OSHA Blames Oil Rig Fire That Killed Three on Open-Flame Heater – PREVENTABLE – It is totally irresponsible to me when a hazard is pointed out to you and you do nothing to correct it from happening again and then workers wind-up killed because of your indifference. That’s what happened with Dan D Drilling in Oklahoma as OSHA cited them in 2013 for having an open-flame heater in the rig. Now in December 2014, 3 young workers are dead, (2 died at the scene an the third died 16 days later after suffering excruciating pain from his burns) and 2 more suffered extensive burns because an open-flame heater on the floor of the rig began this fire. In addition to the open-flame Dan D Drilling was also cited for not providing workers with flame-resistant clothing, not giving employees who work with corrosive materials a quick drenching shower, and not providing training for workers on the chemical and physical hazards of chemicals at the work site or a proposed total of $221,200 in fines. These deaths were preventable and never should have happened but then you have to care about your workers health and safety to begin with. In my opinion these fines should be tripled.
Roofing Contractor Held in Contempt of Court for Failing to Comply with OSHA Safety Standards – PREVENTABLE – GP Roofing & Construction, LLC thought they were above the law. They thought consistently putting their workers at risk no matter what the laws of the land said was business as usual. You other owners of companies that ignore workplace safety regulations are on notice. Guillermo Perez, president and Elma Maldonado, vp of GP Roofing were arrested on warrants issued by the 11th Circuit Court for multiple willful, repeat and serious violations of OSHA fall protection, eye and face protection and safe ladder and other standards as well as the unpaid outstanding penalties of $195,170 plus interest and fees and prove that all hazards have been corrected now and in the future. What I am most curious about is how these two people can look at themselves in the mirror when they put employees in constant danger and would only hope the state pulls their licenses and does not allow them to bid on any state, city or county projects.

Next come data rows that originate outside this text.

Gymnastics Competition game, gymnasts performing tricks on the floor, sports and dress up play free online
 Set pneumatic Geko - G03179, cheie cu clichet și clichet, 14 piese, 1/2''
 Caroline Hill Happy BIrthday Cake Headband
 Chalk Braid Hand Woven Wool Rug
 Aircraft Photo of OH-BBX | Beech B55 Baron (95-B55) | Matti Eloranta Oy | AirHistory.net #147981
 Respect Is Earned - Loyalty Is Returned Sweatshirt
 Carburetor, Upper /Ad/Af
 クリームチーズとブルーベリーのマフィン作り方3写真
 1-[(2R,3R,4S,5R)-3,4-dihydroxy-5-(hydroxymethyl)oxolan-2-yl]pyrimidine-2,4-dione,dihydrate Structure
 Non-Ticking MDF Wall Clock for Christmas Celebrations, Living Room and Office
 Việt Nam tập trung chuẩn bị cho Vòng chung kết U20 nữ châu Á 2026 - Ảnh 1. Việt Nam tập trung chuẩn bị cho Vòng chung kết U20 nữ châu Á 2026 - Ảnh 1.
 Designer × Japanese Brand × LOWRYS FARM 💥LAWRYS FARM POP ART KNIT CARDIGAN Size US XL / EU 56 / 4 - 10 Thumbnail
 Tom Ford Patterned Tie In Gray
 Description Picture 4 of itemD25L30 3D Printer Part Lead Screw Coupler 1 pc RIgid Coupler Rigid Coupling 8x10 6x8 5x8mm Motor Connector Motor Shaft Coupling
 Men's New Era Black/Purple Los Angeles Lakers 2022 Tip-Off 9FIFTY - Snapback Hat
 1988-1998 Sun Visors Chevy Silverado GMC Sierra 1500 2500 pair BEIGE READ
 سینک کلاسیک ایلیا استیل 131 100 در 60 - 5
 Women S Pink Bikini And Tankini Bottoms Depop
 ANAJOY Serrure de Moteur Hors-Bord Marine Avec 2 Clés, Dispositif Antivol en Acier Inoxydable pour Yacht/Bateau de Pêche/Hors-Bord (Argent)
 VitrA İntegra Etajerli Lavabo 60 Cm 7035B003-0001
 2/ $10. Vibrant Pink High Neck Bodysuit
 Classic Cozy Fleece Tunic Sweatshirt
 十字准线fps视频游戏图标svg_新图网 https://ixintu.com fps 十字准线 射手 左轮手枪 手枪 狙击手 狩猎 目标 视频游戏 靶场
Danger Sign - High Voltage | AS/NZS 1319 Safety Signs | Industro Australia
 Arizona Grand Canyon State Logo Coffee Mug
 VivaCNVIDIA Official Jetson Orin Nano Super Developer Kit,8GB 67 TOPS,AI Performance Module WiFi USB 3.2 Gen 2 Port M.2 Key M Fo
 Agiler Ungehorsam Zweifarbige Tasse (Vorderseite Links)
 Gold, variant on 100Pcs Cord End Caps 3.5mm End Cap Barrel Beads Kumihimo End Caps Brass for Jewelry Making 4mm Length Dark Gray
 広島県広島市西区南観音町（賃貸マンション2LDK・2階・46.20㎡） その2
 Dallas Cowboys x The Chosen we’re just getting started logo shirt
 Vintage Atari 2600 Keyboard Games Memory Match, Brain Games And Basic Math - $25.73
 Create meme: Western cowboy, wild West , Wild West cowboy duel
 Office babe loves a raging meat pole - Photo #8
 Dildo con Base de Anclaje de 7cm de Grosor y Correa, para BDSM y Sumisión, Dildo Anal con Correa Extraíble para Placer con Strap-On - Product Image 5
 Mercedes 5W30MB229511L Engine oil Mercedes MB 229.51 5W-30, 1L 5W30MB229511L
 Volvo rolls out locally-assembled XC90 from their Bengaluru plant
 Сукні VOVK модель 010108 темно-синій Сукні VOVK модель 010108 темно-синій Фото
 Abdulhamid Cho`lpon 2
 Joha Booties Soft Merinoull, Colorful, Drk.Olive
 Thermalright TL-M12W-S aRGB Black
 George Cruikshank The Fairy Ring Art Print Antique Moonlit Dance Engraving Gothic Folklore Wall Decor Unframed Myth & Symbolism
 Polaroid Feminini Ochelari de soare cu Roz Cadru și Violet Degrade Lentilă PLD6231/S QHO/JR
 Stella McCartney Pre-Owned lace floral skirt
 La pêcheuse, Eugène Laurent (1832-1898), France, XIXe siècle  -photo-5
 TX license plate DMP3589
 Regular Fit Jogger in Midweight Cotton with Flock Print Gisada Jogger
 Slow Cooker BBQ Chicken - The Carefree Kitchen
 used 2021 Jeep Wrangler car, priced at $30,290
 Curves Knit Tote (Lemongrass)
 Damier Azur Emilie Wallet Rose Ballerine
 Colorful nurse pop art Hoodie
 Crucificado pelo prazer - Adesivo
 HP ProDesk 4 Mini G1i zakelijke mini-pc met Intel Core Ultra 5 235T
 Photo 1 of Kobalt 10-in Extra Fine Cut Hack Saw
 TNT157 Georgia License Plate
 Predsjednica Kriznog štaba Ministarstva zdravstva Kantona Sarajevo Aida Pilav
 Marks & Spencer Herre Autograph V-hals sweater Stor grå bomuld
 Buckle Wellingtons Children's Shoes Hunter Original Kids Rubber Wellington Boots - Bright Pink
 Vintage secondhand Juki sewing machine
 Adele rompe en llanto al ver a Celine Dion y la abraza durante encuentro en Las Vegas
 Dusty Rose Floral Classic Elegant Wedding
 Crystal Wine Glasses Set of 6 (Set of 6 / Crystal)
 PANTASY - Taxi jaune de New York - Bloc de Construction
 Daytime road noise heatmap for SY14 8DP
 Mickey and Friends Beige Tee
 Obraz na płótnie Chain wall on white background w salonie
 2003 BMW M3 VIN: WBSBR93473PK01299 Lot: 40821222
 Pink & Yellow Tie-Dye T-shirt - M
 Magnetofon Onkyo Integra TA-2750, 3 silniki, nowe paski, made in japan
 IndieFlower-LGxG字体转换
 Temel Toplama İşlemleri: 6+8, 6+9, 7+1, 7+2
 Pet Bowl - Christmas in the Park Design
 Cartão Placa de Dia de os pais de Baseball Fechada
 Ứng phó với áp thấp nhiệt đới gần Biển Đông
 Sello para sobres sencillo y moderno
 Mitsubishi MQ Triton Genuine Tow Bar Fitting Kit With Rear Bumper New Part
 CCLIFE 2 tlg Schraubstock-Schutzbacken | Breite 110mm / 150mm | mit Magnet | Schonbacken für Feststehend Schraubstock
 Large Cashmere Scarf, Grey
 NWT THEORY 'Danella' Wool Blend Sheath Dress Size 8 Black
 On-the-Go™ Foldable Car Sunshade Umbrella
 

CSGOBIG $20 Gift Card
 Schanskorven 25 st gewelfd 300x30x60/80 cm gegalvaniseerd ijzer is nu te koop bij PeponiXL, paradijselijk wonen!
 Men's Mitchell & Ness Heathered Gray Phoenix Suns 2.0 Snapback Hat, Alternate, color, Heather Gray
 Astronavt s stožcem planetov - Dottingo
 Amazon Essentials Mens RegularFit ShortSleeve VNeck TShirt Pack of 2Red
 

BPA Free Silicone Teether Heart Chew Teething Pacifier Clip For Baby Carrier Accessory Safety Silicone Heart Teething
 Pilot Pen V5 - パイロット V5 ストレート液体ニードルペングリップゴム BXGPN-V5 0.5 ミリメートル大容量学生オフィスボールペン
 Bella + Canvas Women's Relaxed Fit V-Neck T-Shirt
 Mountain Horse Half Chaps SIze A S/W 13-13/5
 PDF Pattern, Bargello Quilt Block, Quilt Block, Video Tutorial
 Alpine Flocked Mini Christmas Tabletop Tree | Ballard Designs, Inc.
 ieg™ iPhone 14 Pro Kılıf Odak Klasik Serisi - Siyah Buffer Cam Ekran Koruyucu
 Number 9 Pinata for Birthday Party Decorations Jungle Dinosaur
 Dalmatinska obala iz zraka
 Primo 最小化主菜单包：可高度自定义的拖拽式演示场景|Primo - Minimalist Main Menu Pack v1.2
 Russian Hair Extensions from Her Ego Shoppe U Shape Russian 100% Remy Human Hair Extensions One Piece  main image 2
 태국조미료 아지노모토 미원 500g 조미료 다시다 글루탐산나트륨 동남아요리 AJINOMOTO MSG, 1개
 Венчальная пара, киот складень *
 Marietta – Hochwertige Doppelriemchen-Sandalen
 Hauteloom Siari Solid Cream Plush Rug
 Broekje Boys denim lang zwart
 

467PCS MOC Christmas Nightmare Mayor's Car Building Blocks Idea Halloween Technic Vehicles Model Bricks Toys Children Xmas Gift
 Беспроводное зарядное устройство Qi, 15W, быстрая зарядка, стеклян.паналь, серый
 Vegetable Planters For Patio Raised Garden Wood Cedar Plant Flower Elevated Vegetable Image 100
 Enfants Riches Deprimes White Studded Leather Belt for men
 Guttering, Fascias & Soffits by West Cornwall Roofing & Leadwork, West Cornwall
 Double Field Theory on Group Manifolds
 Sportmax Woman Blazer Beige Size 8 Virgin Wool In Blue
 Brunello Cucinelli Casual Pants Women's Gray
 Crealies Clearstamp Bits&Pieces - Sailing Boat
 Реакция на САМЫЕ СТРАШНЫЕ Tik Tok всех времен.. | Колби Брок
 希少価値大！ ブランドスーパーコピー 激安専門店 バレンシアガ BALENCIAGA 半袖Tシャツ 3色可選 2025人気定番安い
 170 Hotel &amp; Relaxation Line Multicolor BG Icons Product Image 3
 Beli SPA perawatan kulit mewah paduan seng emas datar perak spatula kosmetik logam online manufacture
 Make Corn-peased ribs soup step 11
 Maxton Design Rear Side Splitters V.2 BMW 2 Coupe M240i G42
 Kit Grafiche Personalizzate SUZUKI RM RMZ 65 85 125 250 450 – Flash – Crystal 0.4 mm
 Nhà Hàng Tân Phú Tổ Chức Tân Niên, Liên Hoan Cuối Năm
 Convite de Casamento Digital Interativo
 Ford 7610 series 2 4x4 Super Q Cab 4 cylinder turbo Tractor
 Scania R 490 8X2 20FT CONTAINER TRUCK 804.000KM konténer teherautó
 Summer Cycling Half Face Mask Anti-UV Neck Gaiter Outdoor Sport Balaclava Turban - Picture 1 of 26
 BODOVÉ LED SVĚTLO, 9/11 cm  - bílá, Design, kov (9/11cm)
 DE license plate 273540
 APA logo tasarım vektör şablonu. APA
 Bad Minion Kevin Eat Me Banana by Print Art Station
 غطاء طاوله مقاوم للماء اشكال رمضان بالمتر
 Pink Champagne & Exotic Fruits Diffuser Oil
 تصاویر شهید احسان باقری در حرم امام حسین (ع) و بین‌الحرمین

DuPont contesting OSHA violations in quadruple fatality – BALLS – DuPont the company that also brings you behavior based safety programs you can purchase for your company has the balls to contest OSHA’s findings and will not take responsibility after Dupont murdered 4 employees. But can you blame them, who would buy a safety program from a company that kills it’s own workers. I would have first fired the plant manager for not properly training the workers on the building’s ventilation system and other safety procedures like how to respond if the fans stopped working, which is what the repeat violation is based on but he must be making his monthly goals which is why he’s still there and well you know, profits are more important than people. Then I would have addressed and corrected each safety issue. Even the worker’s union is telling Dupont to just accept the fine and fix the problems but Dupont’s pride is at stake since the repeat violation will put them in the Severe Violator List. TOO BAD! Accept responsibility and take care of your employees, no matter how big a corporation you are you are NOT above the LAW!
Well that definitely sounds like the end of another episode of Companies Behaving Badly. Thanks for taking time and stopping by to read these stories and please don’t hesitate to use them at your next safety tailgate/toolbox meeting. Don’t keep quiet about safety. When you begin a new job in a warehouse or manufacturing facility you should receive training before being allowed on the shop floor. It should be demonstrated how to properly wear required P.P.E. There should be emergency procedures in writing and a certification process for forklifts and other vehicles. There should also be a process in writing on how to address safety issues and concerns. If you do not get any training, quit. You are not going to learn anything working here except how to dodge injuries and death and they’re never going to listen to your concerns. If your company has a safety program that has deteriorated you can either quit or call OSHA at 1-800-321-OSHA (6742). Become a safety advocate and never be quiet about safety. Until the 15th. stay safe.